[[ SOURCE MATERIAL, beginning ]]
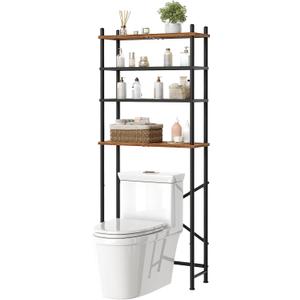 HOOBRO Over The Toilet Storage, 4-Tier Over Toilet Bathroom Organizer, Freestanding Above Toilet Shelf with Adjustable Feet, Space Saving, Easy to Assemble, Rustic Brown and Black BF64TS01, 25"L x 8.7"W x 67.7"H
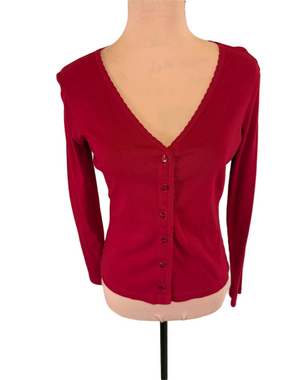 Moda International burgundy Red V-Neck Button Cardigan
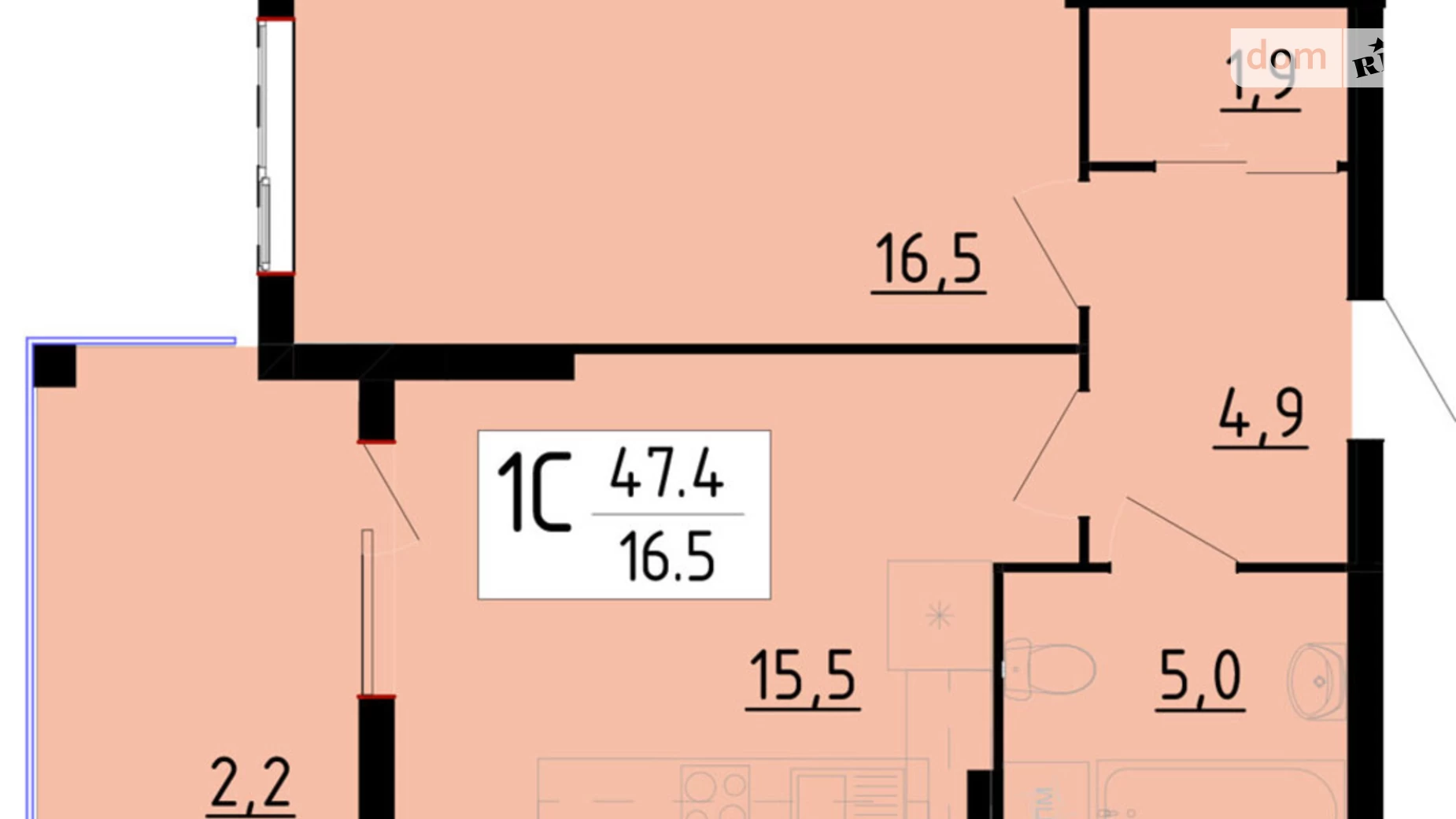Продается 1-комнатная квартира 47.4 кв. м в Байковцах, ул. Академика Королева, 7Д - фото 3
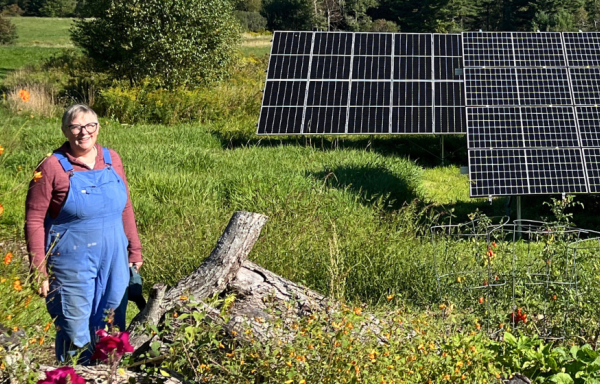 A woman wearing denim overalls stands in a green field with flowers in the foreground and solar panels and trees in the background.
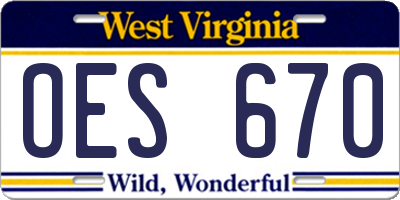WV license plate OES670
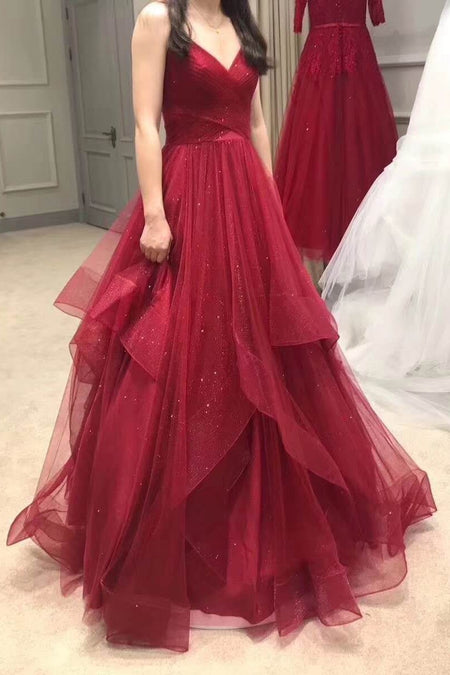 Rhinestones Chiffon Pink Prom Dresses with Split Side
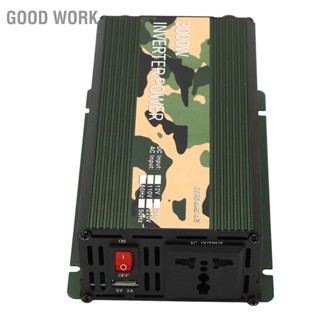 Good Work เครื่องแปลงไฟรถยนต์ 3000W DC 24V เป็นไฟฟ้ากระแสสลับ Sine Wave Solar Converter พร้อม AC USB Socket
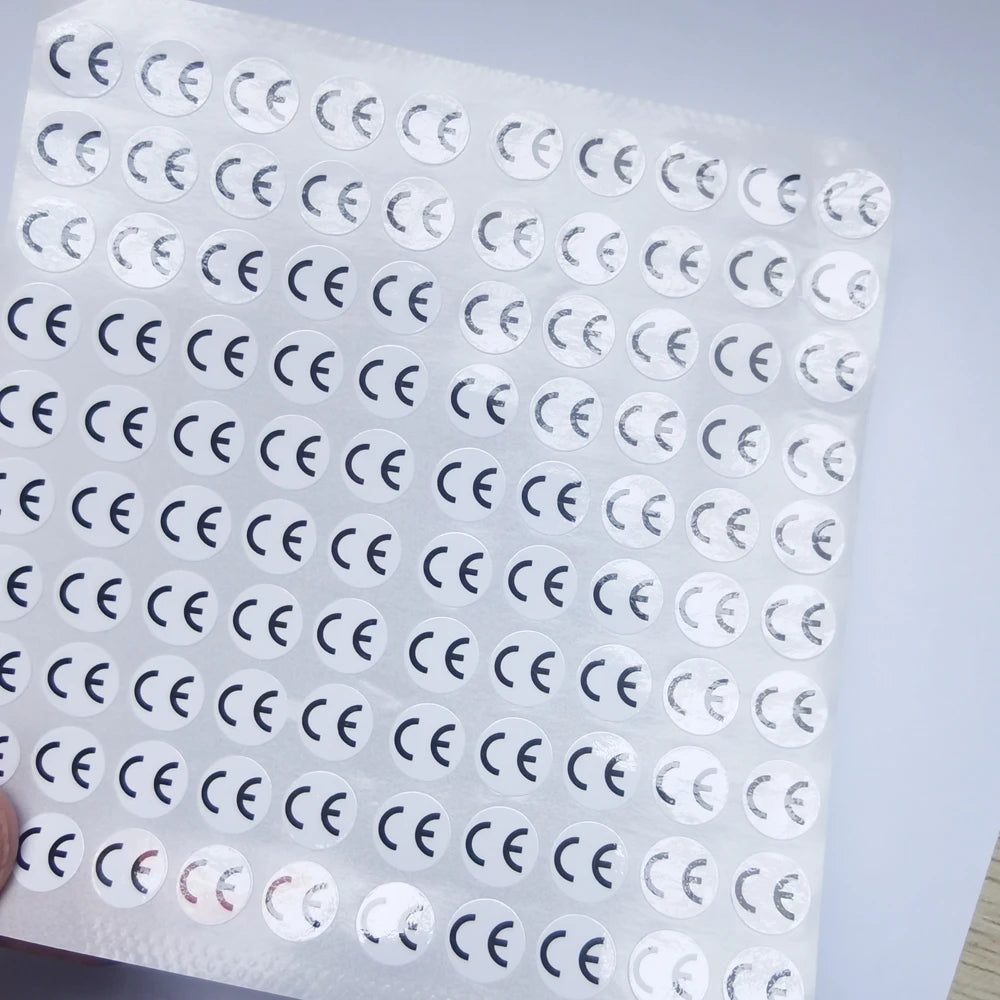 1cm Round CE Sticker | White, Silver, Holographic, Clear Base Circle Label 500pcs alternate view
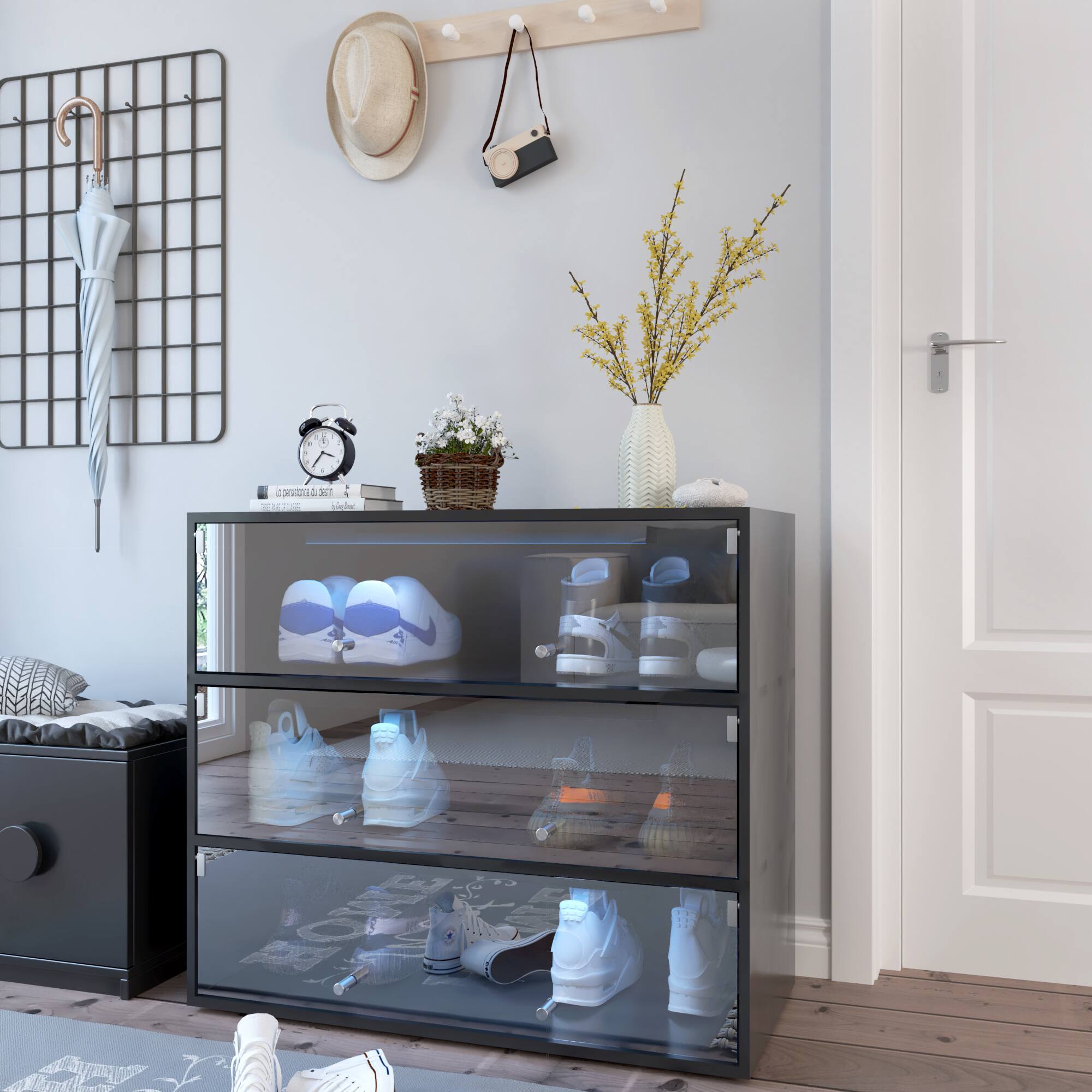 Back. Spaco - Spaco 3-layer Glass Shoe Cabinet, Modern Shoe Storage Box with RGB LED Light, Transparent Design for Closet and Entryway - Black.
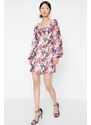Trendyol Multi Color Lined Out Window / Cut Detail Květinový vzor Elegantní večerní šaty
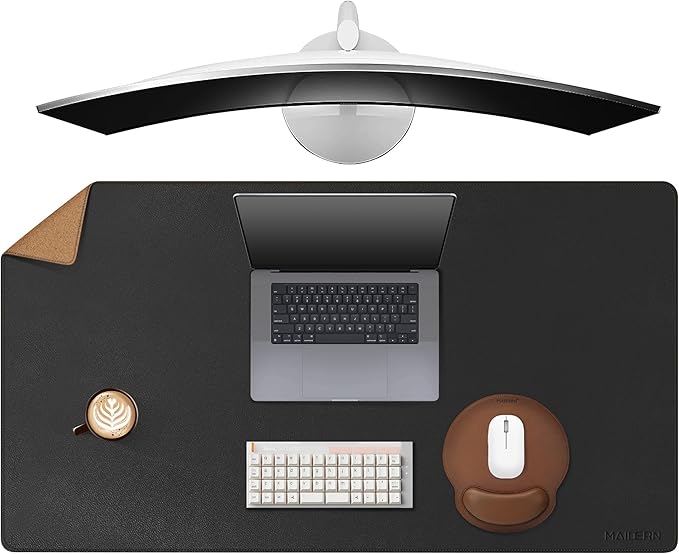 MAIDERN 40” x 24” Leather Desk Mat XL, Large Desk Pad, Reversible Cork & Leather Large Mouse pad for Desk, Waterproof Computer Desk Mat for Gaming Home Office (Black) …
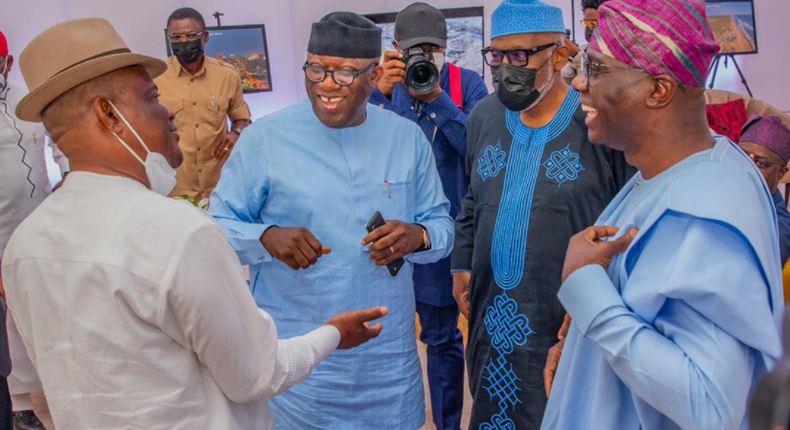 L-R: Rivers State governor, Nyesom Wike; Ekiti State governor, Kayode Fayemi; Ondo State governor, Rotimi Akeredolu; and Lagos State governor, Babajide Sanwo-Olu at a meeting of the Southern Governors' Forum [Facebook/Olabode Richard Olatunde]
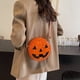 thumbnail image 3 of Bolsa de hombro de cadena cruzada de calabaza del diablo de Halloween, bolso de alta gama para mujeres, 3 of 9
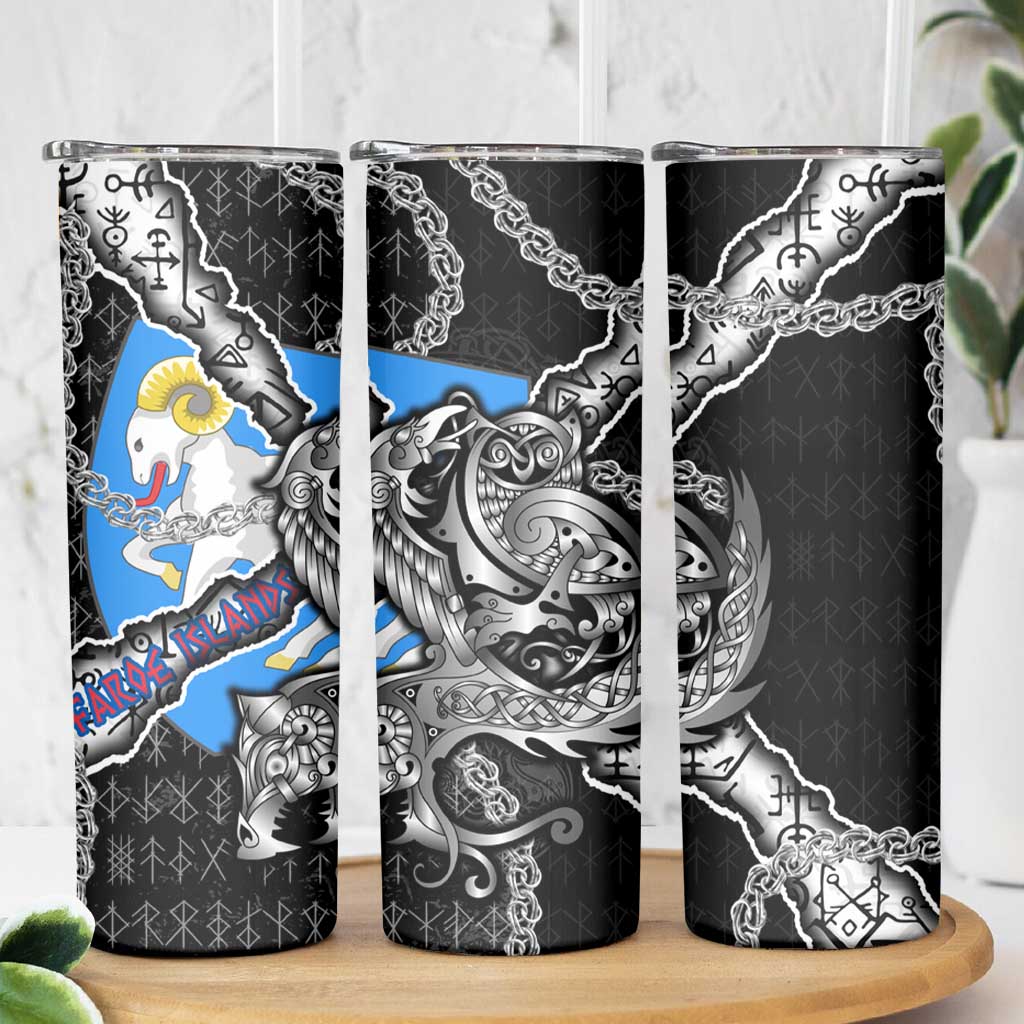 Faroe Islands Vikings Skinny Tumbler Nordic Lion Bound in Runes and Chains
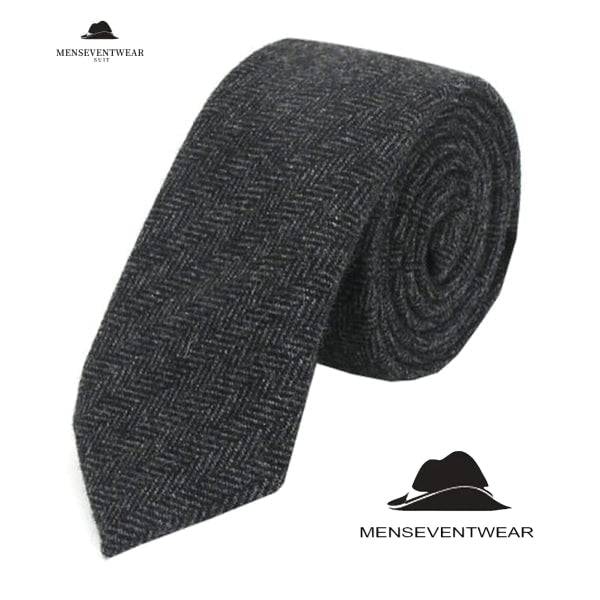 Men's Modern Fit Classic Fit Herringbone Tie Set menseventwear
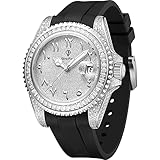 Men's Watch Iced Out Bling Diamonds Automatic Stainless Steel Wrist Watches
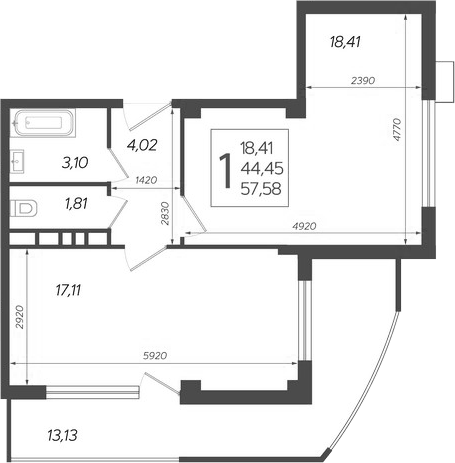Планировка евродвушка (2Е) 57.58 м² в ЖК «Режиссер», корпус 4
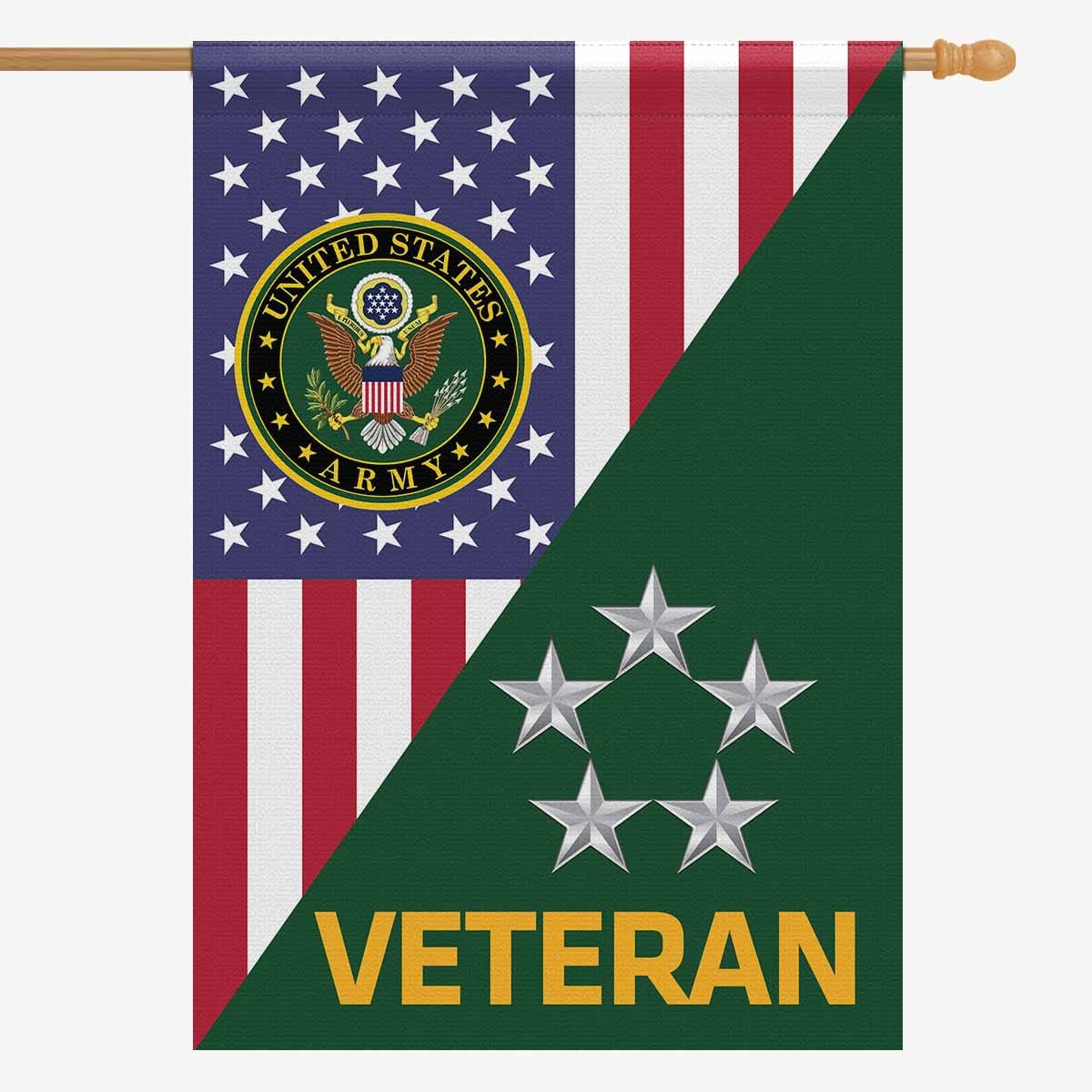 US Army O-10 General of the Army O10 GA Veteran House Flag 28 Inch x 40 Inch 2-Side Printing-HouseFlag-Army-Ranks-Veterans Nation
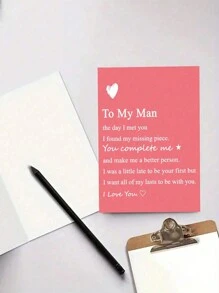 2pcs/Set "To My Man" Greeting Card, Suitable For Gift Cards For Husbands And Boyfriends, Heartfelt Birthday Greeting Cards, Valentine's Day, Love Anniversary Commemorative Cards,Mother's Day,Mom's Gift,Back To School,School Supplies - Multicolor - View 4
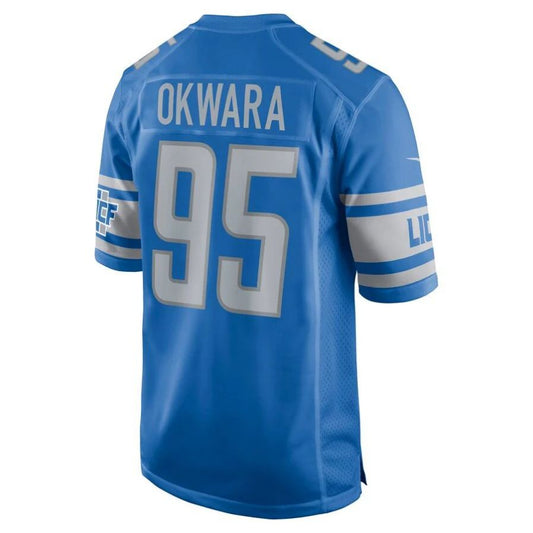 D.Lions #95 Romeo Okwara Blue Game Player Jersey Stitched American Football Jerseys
[[ SOURCE MATERIAL, end ]]
EXERCISE GOAL: The answer must restate each entry word for word and contain no images.

REPLY:
 HOOBRO Over The Toilet Storage, 4-Tier Over Toilet Bathroom Organizer, Freestanding Above Toilet Shelf with Adjustable Feet, Space Saving, Easy to Assemble, Rustic Brown and Black BF64TS01, 25"L x 8.7"W x 67.7"H
 Moda International burgundy Red V-Neck Button Cardigan
Продается 1-комнатная квартира 47.4 кв. м в Байковцах, ул. Академика Королева, 7Д - фото 3
 A woman wearing denim overalls stands in a green field with flowers in the foreground and solar panels and trees in the background.
WV license plate OES670
 Rhinestones Chiffon Pink Prom Dresses with Split Side
 Good Work เครื่องแปลงไฟรถยนต์ 3000W DC 24V เป็นไฟฟ้ากระแสสลับ Sine Wave Solar Converter พร้อม AC USB Socket
 1cm Round CE Sticker | White, Silver, Holographic, Clear Base Circle Label 500pcs alternate view
 Back. Spaco - Spaco 3-layer Glass Shoe Cabinet, Modern Shoe Storage Box with RGB LED Light, Transparent Design for Closet and Entryway - Black.
Trendyol Multi Color Lined Out Window / Cut Detail Květinový vzor Elegantní večerní šaty
 MAIDERN 40” x 24” Leather Desk Mat XL, Large Desk Pad, Reversible Cork & Leather Large Mouse pad for Desk, Waterproof Computer Desk Mat for Gaming Home Office (Black) …
 L-R: Rivers State governor, Nyesom Wike; Ekiti State governor, Kayode Fayemi; Ondo State governor, Rotimi Akeredolu; and Lagos State governor, Babajide Sanwo-Olu at a meeting of the Southern Governors' Forum [Facebook/Olabode Richard Olatunde]
 thumbnail image 3 of Bolsa de hombro de cadena cruzada de calabaza del diablo de Halloween, bolso de alta gama para mujeres, 3 of 9
 Faroe Islands Vikings Skinny Tumbler Nordic Lion Bound in Runes and Chains
 Men's Modern Fit Classic Fit Herringbone Tie Set menseventwear
 Men's Watch Iced Out Bling Diamonds Automatic Stainless Steel Wrist Watches
Планировка евродвушка (2Е) 57.58 м² в ЖК «Режиссер», корпус 4
 US Army O-10 General of the Army O10 GA Veteran House Flag 28 Inch x 40 Inch 2-Side Printing-HouseFlag-Army-Ranks-Veterans Nation
 2pcs/Set "To My Man" Greeting Card, Suitable For Gift Cards For Husbands And Boyfriends, Heartfelt Birthday Greeting Cards, Valentine's Day, Love Anniversary Commemorative Cards,Mother's Day,Mom's Gift,Back To School,School Supplies - Multicolor - View 4
 D.Lions #95 Romeo Okwara Blue Game Player Jersey Stitched American Football Jerseys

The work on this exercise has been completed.